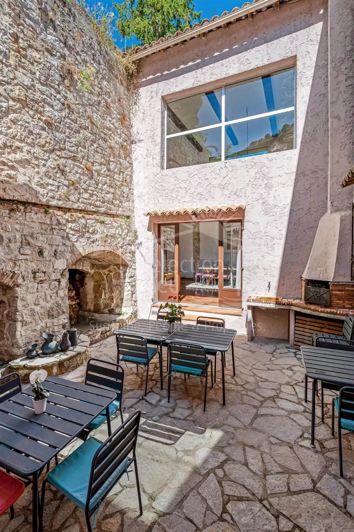 Image No.17-7 Bed House for sale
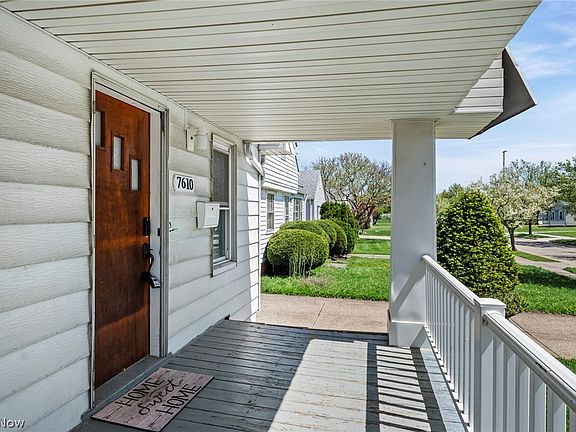 5th image of 7610 Traymore Ave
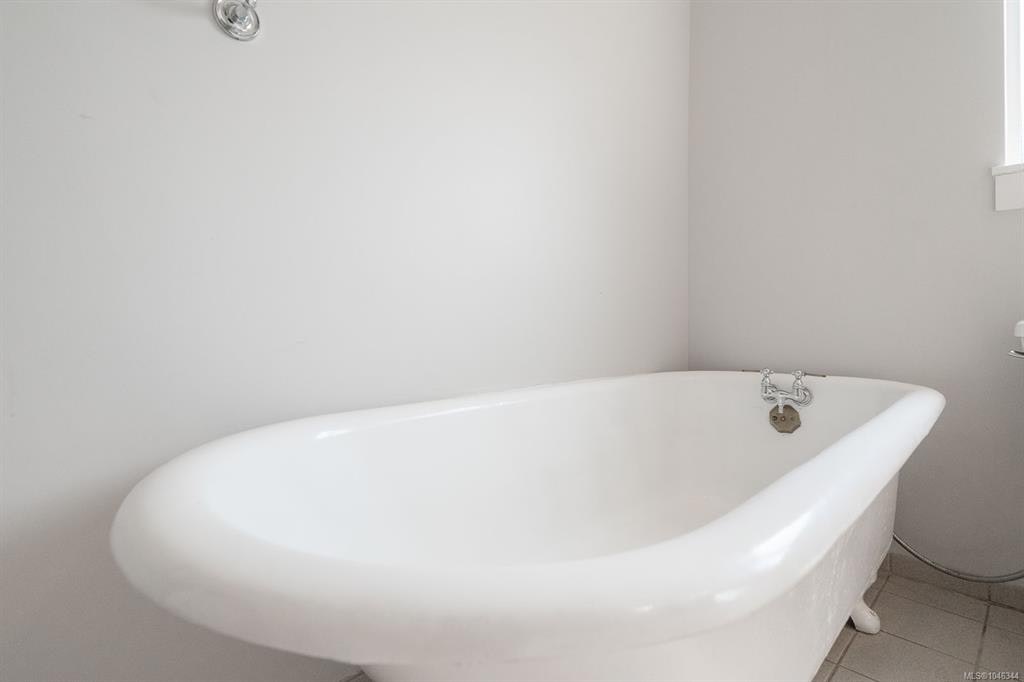 121 Harewood Road, Nanaimo, BC, V9R 2Y7 - 7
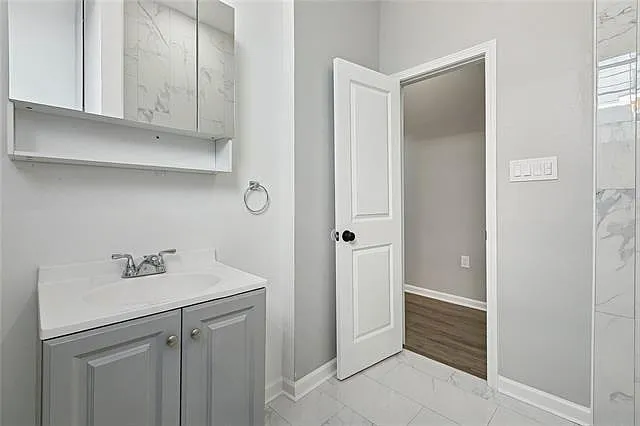 3211 Baronne St — Photo 6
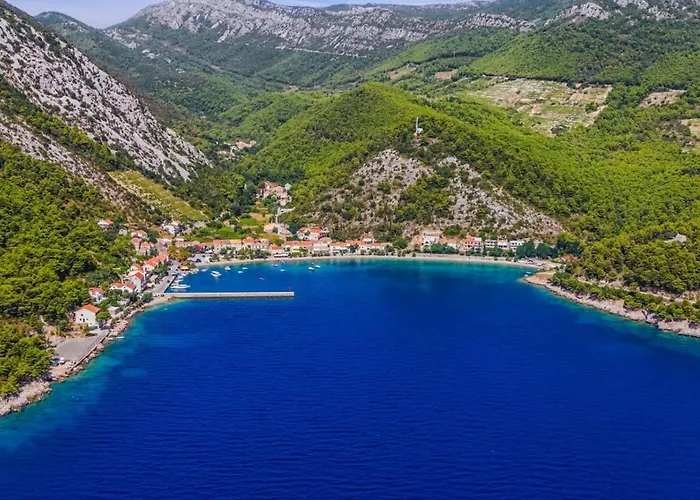 Apartman In With Terrace, Air Conditioning, Wifi, Washing Machine 4199-3 *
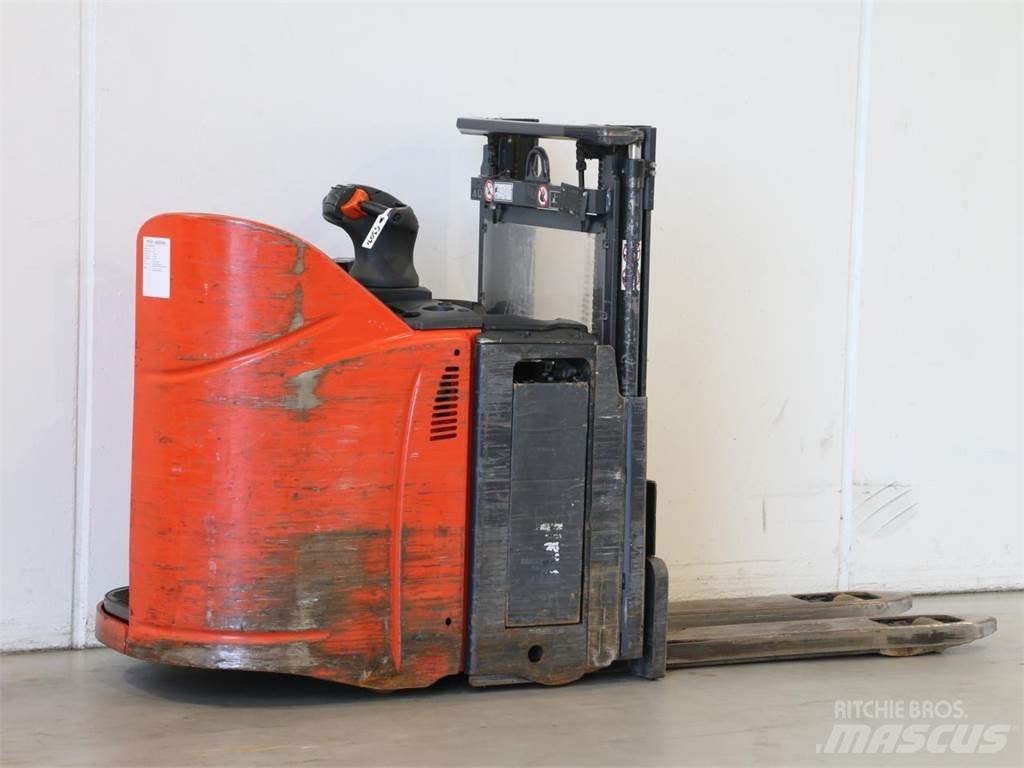 Linde D12HPSP/133 Empilhador para operador externo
┄┄┄┄┄┄┄┄┄┄
◆ **EXERCISE DESCRIPTION**
Only the lines from the one containing "121 Harewood Road, Nanaimo, BC, V9R 2Y7 - 7" through the final line of the listing should be reproduced, exactly and with no pictures.

◆ **SOLVED PROBLEM**
 121 Harewood Road, Nanaimo, BC, V9R 2Y7 - 7
 3211 Baronne St — Photo 6
 Apartman In With Terrace, Air Conditioning, Wifi, Washing Machine 4199-3 *
 Linde D12HPSP/133 Empilhador para operador externo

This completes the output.